Christoph Malter: Wenn die Herkunftseltern die Pflegeeltern und deren Erziehungsbemühungen nicht bekämpfen, wenn das Kind nicht durch Misshandlung von den Herkunftseltern traumatisiert wurde und sich deshalb bei Besuchen ängstigt, dann können durch regelmäßige Kontakte positive Beziehungen entstehen, allerdings keine tragfähigen, primären Bindungsbeziehungen.

Berliner Morgenpost: Wenn es von vornherein das Ziel ist, das Kind wieder in die Herkunftsfamilie zurückzuführen - wie müsste während der Kurzzeitpflege der Kontakt aussehen?

Christoph Malter: Die Mutter muss so schnell wie möglich, bei einem Säugling hoffentlich täglich, zur Verfügung stehen. Schon kurzfristige Trennungen von der Mutter von wenigen Wochen sind für Kinder im Alter von ein bis zwei Jahren eine extreme Belastung. Intensive Kontakte gehen natürlich nur, wenn die Gründe für die Unterbringung erkannt und diese Probleme hoffentlich überwunden sind.

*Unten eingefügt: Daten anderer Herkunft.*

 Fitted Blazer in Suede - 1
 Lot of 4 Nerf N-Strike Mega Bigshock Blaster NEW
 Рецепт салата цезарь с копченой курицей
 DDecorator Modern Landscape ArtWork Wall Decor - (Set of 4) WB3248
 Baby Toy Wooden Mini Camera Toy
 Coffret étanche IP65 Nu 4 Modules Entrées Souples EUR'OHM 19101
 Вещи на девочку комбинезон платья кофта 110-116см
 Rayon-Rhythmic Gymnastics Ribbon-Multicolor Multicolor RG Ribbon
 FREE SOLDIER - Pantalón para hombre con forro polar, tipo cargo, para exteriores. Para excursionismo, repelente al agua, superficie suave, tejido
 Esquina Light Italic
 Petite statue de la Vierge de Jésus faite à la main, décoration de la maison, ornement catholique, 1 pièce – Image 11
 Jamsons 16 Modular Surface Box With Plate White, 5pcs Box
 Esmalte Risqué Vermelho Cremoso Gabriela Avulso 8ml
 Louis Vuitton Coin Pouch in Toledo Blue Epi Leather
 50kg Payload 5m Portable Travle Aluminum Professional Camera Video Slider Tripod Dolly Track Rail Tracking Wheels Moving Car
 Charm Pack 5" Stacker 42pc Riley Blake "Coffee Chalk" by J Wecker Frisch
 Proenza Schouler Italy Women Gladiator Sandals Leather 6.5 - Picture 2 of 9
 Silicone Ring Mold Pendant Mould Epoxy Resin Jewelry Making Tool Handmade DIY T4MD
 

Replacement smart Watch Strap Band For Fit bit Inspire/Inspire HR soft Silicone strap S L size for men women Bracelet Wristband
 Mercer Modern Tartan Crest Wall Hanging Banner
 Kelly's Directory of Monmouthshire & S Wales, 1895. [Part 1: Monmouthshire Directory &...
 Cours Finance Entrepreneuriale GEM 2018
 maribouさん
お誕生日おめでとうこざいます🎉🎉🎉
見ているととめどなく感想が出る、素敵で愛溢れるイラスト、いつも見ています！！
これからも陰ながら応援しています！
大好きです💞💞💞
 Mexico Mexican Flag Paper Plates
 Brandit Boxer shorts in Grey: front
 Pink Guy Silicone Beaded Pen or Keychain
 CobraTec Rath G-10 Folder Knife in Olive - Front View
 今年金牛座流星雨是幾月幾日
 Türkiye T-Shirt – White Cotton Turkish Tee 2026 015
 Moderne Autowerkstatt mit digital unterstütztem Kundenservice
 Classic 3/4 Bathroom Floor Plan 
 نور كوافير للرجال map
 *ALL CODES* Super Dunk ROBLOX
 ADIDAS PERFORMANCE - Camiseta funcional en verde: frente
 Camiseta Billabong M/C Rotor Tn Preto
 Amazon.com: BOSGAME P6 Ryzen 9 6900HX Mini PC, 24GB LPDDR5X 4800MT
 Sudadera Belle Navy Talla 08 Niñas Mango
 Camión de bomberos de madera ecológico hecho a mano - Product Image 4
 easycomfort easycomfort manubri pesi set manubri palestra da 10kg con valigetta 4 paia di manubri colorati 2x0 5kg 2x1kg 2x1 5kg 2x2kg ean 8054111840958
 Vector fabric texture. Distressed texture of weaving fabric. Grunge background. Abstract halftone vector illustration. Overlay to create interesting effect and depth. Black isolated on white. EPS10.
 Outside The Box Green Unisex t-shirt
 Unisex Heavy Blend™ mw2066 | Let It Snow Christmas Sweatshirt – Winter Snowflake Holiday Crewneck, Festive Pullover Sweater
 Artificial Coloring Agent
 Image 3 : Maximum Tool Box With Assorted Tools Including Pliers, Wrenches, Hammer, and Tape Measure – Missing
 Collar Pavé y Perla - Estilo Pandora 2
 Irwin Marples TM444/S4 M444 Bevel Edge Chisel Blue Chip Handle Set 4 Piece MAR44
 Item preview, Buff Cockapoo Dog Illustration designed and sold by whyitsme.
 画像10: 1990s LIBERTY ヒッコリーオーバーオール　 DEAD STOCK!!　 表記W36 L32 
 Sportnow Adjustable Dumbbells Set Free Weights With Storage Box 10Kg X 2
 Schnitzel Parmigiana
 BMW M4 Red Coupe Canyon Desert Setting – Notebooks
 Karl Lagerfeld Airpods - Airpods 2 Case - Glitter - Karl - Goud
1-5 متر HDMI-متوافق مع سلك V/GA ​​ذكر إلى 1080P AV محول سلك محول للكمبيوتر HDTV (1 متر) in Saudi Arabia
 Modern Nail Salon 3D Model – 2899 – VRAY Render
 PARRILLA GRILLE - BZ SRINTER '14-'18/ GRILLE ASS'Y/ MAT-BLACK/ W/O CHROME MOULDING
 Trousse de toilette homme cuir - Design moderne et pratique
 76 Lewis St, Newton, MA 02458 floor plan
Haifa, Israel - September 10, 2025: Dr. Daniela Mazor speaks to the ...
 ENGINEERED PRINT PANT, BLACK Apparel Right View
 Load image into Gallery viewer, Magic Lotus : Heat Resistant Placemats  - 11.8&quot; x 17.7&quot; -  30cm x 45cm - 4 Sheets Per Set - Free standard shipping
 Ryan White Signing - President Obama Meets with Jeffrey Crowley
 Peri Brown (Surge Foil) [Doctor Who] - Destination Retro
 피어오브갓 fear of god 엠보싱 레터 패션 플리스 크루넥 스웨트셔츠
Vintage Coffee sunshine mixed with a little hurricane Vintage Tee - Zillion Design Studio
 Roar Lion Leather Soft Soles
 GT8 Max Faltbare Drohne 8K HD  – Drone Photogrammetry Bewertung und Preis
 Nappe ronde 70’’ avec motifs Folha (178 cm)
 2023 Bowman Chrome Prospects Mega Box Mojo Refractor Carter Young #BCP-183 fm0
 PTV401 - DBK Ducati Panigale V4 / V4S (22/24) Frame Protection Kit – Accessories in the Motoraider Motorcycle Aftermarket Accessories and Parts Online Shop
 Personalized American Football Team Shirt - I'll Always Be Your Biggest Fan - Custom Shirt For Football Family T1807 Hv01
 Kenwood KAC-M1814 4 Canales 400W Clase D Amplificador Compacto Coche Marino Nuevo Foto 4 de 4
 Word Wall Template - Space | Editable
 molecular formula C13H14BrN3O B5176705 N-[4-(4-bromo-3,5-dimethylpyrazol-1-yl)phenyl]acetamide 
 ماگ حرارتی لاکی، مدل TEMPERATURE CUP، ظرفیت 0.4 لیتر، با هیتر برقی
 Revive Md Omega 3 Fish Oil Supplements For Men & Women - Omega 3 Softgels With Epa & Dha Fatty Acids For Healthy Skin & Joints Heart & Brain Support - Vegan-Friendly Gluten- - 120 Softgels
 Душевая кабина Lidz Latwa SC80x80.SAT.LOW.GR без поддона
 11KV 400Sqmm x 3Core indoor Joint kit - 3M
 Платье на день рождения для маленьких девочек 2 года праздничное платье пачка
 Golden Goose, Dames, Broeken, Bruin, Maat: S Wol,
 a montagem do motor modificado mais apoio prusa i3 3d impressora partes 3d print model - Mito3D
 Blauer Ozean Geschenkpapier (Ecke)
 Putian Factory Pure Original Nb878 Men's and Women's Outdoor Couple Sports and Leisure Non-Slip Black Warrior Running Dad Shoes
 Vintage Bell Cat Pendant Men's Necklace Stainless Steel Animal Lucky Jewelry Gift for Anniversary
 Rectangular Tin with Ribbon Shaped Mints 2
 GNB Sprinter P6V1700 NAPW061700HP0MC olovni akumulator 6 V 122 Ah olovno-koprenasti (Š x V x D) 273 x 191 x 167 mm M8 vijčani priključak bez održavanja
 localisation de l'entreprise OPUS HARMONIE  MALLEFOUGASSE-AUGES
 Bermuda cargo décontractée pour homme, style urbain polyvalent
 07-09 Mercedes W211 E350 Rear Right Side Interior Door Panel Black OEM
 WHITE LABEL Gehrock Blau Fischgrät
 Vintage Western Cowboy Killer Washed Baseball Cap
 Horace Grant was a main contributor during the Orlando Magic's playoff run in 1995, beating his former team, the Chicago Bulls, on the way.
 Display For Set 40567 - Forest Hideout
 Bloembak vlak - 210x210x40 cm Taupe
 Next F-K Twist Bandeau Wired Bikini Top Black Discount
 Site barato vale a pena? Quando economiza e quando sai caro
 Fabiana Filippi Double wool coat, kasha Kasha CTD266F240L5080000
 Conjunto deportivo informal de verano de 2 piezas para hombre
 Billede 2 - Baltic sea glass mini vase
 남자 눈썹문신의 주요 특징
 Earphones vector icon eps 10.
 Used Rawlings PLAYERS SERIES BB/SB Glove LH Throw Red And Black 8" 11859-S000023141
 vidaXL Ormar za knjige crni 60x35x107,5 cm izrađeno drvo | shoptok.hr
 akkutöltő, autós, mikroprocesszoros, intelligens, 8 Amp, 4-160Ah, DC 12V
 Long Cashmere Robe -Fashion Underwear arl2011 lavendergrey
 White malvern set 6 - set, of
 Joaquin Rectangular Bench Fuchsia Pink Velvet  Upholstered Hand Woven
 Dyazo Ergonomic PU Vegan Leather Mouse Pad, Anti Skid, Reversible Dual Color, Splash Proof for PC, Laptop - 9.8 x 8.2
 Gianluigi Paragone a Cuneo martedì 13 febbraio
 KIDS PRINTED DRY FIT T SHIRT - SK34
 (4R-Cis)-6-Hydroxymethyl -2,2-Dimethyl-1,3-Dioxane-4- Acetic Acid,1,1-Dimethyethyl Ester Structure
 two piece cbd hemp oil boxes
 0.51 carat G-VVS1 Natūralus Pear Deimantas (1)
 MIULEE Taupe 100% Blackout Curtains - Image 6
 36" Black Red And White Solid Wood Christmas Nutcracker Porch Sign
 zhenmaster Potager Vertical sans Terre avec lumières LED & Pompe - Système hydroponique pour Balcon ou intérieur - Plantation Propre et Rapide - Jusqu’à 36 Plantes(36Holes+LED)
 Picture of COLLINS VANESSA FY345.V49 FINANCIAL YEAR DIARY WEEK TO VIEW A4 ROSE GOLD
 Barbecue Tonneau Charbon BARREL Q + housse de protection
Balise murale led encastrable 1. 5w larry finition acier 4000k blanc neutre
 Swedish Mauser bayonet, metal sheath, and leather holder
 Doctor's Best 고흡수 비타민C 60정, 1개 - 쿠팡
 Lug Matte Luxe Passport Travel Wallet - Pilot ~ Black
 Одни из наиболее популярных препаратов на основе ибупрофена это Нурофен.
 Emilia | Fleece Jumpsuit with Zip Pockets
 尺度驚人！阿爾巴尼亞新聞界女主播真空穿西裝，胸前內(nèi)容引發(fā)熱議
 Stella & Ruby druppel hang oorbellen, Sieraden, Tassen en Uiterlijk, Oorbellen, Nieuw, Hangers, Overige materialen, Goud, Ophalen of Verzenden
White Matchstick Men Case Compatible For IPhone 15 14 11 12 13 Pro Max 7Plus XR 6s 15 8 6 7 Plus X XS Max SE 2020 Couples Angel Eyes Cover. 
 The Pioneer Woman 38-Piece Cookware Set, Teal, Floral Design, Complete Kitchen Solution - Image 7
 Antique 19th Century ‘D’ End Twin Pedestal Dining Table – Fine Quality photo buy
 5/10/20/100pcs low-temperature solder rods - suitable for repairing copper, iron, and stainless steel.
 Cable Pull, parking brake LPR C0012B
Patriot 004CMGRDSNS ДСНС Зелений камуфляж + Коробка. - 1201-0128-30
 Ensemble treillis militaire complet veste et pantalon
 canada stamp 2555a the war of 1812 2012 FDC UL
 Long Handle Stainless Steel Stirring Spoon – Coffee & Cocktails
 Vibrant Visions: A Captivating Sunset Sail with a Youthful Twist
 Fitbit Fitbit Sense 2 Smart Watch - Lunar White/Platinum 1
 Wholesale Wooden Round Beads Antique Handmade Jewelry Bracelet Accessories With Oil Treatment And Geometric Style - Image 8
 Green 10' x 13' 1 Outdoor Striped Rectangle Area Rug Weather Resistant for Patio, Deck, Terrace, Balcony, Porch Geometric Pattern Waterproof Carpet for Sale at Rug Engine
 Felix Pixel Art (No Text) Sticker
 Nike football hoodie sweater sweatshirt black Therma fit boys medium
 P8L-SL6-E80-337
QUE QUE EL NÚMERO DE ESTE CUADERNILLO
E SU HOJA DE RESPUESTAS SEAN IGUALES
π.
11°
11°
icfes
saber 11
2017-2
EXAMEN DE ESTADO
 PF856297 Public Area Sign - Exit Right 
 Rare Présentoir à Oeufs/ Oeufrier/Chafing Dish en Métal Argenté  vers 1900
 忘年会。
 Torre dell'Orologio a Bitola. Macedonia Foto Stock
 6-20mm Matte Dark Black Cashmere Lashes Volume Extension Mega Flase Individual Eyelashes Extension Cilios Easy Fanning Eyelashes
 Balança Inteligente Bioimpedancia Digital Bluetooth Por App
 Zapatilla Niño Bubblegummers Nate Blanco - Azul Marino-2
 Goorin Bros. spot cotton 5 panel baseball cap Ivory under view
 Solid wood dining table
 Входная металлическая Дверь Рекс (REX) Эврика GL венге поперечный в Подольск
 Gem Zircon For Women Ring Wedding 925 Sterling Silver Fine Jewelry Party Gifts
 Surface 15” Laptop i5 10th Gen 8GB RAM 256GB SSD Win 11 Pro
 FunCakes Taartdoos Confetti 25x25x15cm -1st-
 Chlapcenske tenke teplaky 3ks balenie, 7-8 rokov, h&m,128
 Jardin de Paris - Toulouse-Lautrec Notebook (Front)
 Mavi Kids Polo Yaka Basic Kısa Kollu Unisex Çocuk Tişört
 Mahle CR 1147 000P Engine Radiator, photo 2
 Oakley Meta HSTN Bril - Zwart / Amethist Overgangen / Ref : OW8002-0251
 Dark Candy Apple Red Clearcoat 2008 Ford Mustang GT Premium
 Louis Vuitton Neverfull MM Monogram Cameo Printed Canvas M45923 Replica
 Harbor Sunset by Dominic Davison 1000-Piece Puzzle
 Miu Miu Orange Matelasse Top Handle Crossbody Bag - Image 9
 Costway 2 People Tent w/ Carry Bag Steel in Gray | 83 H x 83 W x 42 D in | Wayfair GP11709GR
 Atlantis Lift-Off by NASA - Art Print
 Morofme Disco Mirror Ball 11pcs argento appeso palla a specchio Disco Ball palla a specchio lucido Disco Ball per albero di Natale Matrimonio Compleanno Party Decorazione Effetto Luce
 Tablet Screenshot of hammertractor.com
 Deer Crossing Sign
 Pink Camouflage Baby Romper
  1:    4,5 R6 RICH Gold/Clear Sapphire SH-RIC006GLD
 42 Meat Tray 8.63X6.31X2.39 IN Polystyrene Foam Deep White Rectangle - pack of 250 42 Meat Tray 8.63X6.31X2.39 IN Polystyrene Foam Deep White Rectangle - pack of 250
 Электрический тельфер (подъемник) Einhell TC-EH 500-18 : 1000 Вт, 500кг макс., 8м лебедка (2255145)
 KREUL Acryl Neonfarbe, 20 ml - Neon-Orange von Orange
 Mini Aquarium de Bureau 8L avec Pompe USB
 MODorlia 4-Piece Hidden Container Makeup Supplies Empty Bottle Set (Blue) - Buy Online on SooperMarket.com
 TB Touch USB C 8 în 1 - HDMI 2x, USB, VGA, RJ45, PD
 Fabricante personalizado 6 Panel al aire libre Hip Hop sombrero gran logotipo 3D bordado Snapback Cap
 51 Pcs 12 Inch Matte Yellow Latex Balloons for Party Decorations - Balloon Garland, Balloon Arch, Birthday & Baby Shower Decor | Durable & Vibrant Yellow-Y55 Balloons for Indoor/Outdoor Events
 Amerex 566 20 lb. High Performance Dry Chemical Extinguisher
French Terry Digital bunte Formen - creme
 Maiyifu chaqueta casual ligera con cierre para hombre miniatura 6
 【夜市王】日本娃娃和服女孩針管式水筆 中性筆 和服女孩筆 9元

Berliner Morgenpost: Die Eltern von Riccarda bekommen im Moment 80 Stunden Familienhilfe. Wenn sie nach Ende des Projekts wieder überfordert sein sollten mit der Erziehung ihrer Kinder - was könnte mit Riccarda passieren?

Christoph Malter: Im günstigsten Fall wird Riccarda erneut fremduntergebracht - ein Schicksal, das sie mit vielen Pflegekindern teilt. Gut die Hälfte aller Pflegekinder ist nicht zum ersten Mal fremd untergebracht. Hoffentlich passiert nichts Schlimmeres, denn in Deutschland kommen mehr Kinder, als man wahrhaben will, trotz jugendamtlicher Interventionen zu Schaden.

Berliner Morgenpost: Wurde im Fall von Riccarda Elternrecht vor Kindeswohl gestellt?

Christoph Malter: Natürlich. Wie sonst kann man rechtfertigen, dass einem Kind die sozialen Eltern geraubt werden und es zurück in schädliches Milieu verpflanzt wird, bevor die "Sanierungsarbeiten" in der Familie begonnen wurden? Im "Fall" von Riccarda haben wir es meines Erachtens mit einer derart desolaten Situation einer Multiproblemfamilie zu tun, dass es unvorstellbar scheint, dass diese den Bedürfnissen des Kindes gerecht werden kann. Die materielle Situation ist nicht hinreichend gesichert, die Wohnsituation ebenso nicht, dann gibt es zu viele weitere - sehr bedürftige - Geschwister in der Familie. Ich halte diese Rückführung für unverantwortlich.